Ricoh has two additional apps, one for editing photos (Theta+) and another for videos (Theta+ Video). The Theta+ app (Android | iOS) lets you create time-lapses from interval photos, apply filters, crop an image so that it’s easier to share as a flat, 2D photo, change the 360-degree view, apply stickers, and share to social media or the Theta gallery. The video app (iOS) ( has a similar approach: You can trim, add music, apply a filter, change the 360-degree view, and save and share. Like the basic app, these two are easy to use. Ricoh could have incorporated these features into a single app, but we think this helps preserve their approach of making the camera simple to operate.
Unfortunately, Ricoh doesn’t have any editing software for computers, and third-party photo-editing software can’t properly process and preserve the 360-degree content.
Thanks to Ricoh’s open software development kit, third-party developers can utilize the Theta S in their apps. For example, one developer created an app that shoots high-dynamic range (HDR) photos, where the camera shoots multiple photos at different exposures, and combines them (you need a tripod, and it’s best for still-life). Currently, the most notable app is Google Street View, but Ricoh is actively seeking developers. Hopefully, once the Theta platform gains more traction, we’ll see interesting new applications. Facebook and YouTube do support content created with the Theta S (more on this below).
Learning how to use the camera is intuitive, but should you need some guidance, Ricoh has excellent online resources at the Theta website that are easy to understand.
Viewing and sharing
For personal viewing, content created with the Theta S can be viewed on a mobile device or desktop computer, but the process is more streamlined on the mobile end because of the app integration. But you can’t view the content while they are still on the camera; you will need to transfer them to your mobile device first. This isn’t an issue unless it’s videos, which require more transfer time and can be very large files — 1GB or more if it’s a longer video. This eats up your phone’s storage.
Unless you’re sharing content immediately, we prefer the computer method. It’s requires slightly more work, but it isn’t difficult. After you attach the camera to the computer via USB, you can find it as a storage device (Windows) or use Image Capture on a Mac (the Theta S doesn’t pop up as a hard drive), and then copy the files to your computer. We like this process because it not only makes it easier to view, you are also backing up the content (delete the files off the camera so you can make more room). To view the photos and videos properly, you will need to install the Theta application.
If you want to share your shots with others, there are a few options. You could send the files, but the recipient will need to install the Theta software for either a mobile device or computer. The better solution is to share them online, which can be a bit messy, so bear with us.
The best method is to upload to the Ricoh’s online Theta gallery, which is free for Theta owners and signing up requires either a Facebook or Twitter account (there is no way around this, unfortunately for you anti-social media users). From there, you can share the link or embed it. However, you can’t do batch uploads. The apps give you the option of uploading to Facebook, Twitter, and Tumblr, but what it’s actually doing is posting a link to the Theta gallery URL, rather than the actual photo or video.

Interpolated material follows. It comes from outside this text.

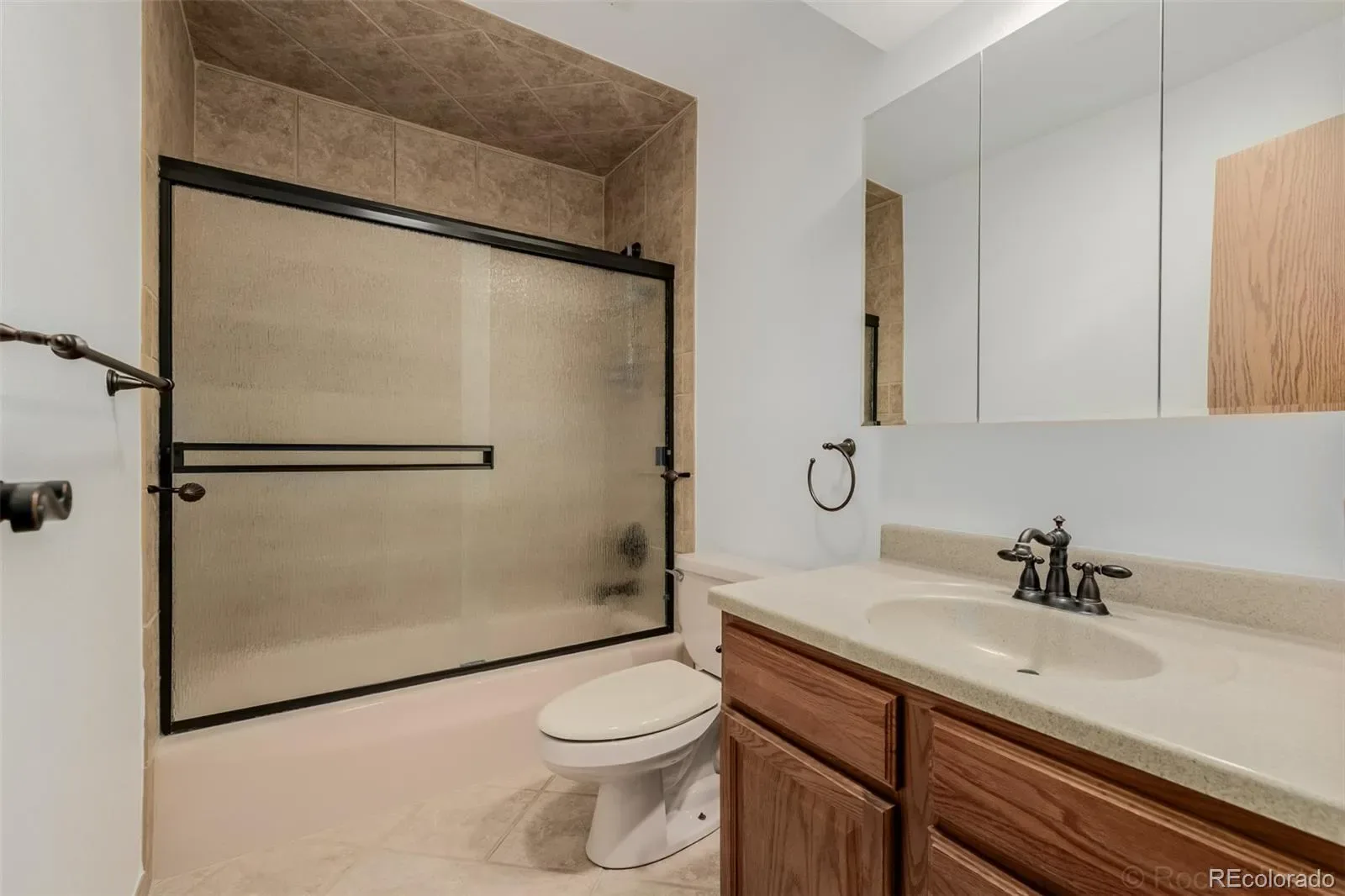 3525 S Brentwood Street Denver CO 80235 MLS #REC8308189 03162026230947 1600 20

If you love Google Street View’s 360-degree photos, you’ll love making them with the Theta.
Since Facebook and YouTube added support for 360-degree videos (photo support coming soon in Facebook), you can upload your Theta S videos to those sites natively via the computer software, but there is a required but easy step first. If you try to watch the MP4 video file with, you will see it as two side-by-side fish-eye globes. The Theta desktop software not only processes this file into a viewable 360 video, but also injects the metadata that’s required for Facebook and YouTube uploads. Once this new file is created, you can just upload to YouTube or post on a Facebook news feed, and they appear as videos you can pan around or zoom in and out. It’s much easier than the process required by the Kodak SP360.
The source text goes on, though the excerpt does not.